Détail
Des artistes dans les labos : quand l’art rencontre la science
21 novembre 2017 |
« Land art » dans le Val Roseg
Pendant son séjour à l’Eawag, Zahrah Alghamdi a accompagné le groupe de recherche Écologie des cours d’eau lors de trois excursions au Val Roseg en Engadine. Inspirée par les activités des scientifiques dans l’imposant paysage montagneux avec ses nombreux fleuves et rivières, Alghamdi a traduit ses impressions sur place à travers des œuvres dans la tradition du « land art ». Pour ce faire, elle a travaillé à la main ou avec quelques outils simples. Elle a utilisé principalement des matériaux naturels qu’elle a trouvés dans le Val Roseg, tels que le sable d’une berge ou des plantes séchées. Alghamdi s’est ainsi approprié ce paysage inconnu d’elle, y a laissé ses traces personnelles tout en les vouant au règne de l’éphémère. Documentées par des photos, ces œuvres capturent un moment précis dans le temps, tout comme les données scientifiques recueillies dans le Val Roseg.

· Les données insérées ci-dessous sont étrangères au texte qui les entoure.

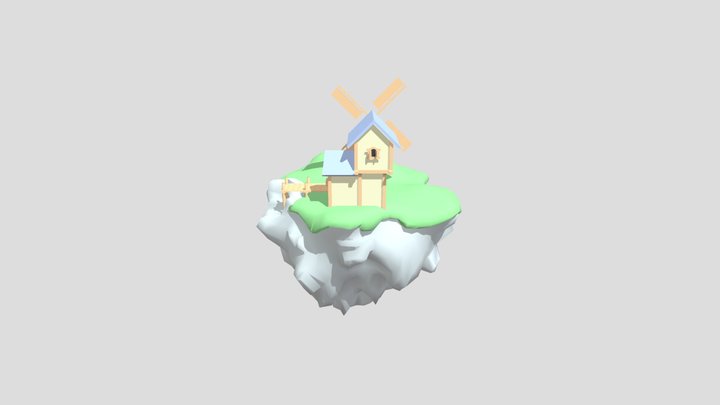 Floating island 3D Model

Zahrah Alghamdi a grandi dans le sud-ouest de l’Arabie Saoudite, où elle était entourée d’une architecture traditionnelle et de pièces décorées avec art. Ces espaces reflètent les traditions culturelles uniques et l’histoire de sa patrie. Dans sa pratique artistique, elle s’appuie sur ses souvenirs de ces espaces et de ces lieux et sur leur signification culturelle. Elle associe l’histoire au contexte actuel, essayant de faire écho au passé et de mettre en lumière les changements dans l’architecture qui s’éloigne des techniques, des matériaux et des ressources traditionnels. Alghamdi a obtenu un doctorat en design et en arts visuels à l’université de Coventry en Grande-Bretagne et travaille comme professeure assistante au département d’art et de design de l’université King Abdulaziz de Djeddah, où elle vit.

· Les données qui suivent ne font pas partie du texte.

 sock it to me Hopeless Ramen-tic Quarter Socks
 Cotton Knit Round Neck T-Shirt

L’artiste invente un nouvel organisme
Dans le groupe de recherche Microbiologie de l’eau potable, Muhannad Shono s’est littéralement plongé dans le monde des bactéries. Tout en examinant ces créatures microscopiques, il a conçu un organisme fictif. Il compare cet organisme à LUCA (Last Universal Common Ancestor), l’hypothétique « dernier ancêtre commun universel » (DACU) et composant de tous les êtres vivants. Ce travail a mené Shono aux racines de l’arbre de la vie, à l’origine de la civilisation. En plaçant l’organisme dans un contexte créatif, il montre son évolution. L’organisme est plein de nouvelles idées, explique l’artiste. « C'est un organisme comportemental qui trouve son origine dans le microbiome humain, une manifestation physique de notre comportement et de nos besoins », dit-il. « Le but de l’organisme est la diffusion des idées. L’environnement de la recherche semble être le milieu idéal pour cet organisme », ajoute Shono.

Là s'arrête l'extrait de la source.